Activity: The listing below should be reproduced exactly, with the pictures omitted.

Material provided:
::::::::

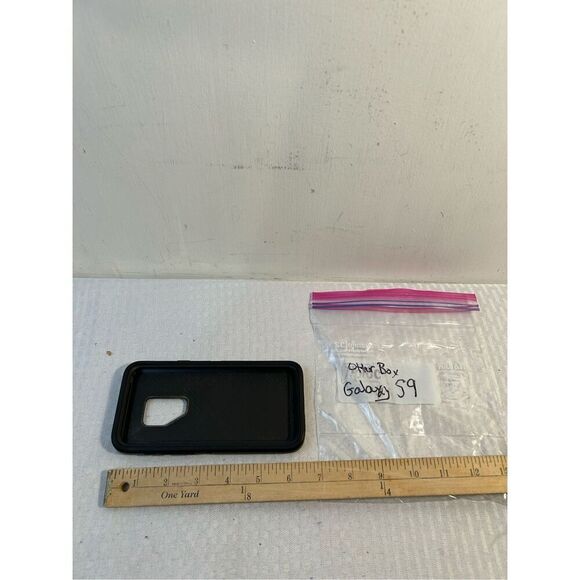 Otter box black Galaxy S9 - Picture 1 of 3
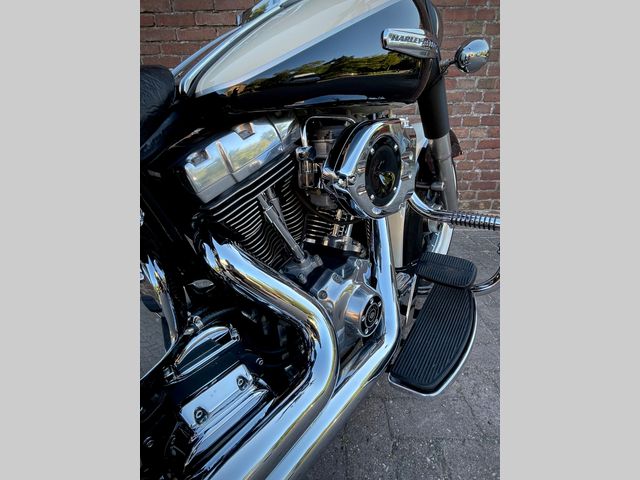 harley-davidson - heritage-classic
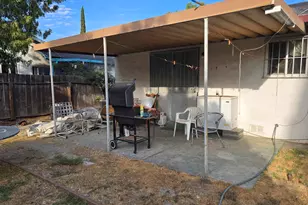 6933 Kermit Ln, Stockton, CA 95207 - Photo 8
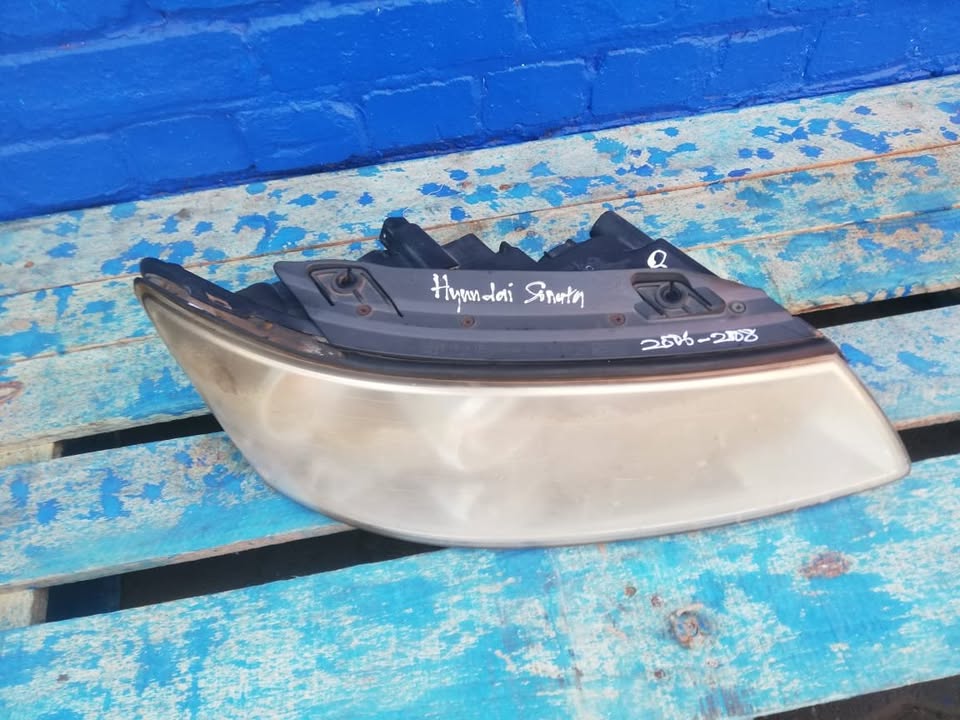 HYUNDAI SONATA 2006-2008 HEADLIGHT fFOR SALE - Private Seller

::::::::

Exercise answer:
 Otter box black Galaxy S9 - Picture 1 of 3
 harley-davidson - heritage-classic
 6933 Kermit Ln, Stockton, CA 95207 - Photo 8
 HYUNDAI SONATA 2006-2008 HEADLIGHT fFOR SALE - Private Seller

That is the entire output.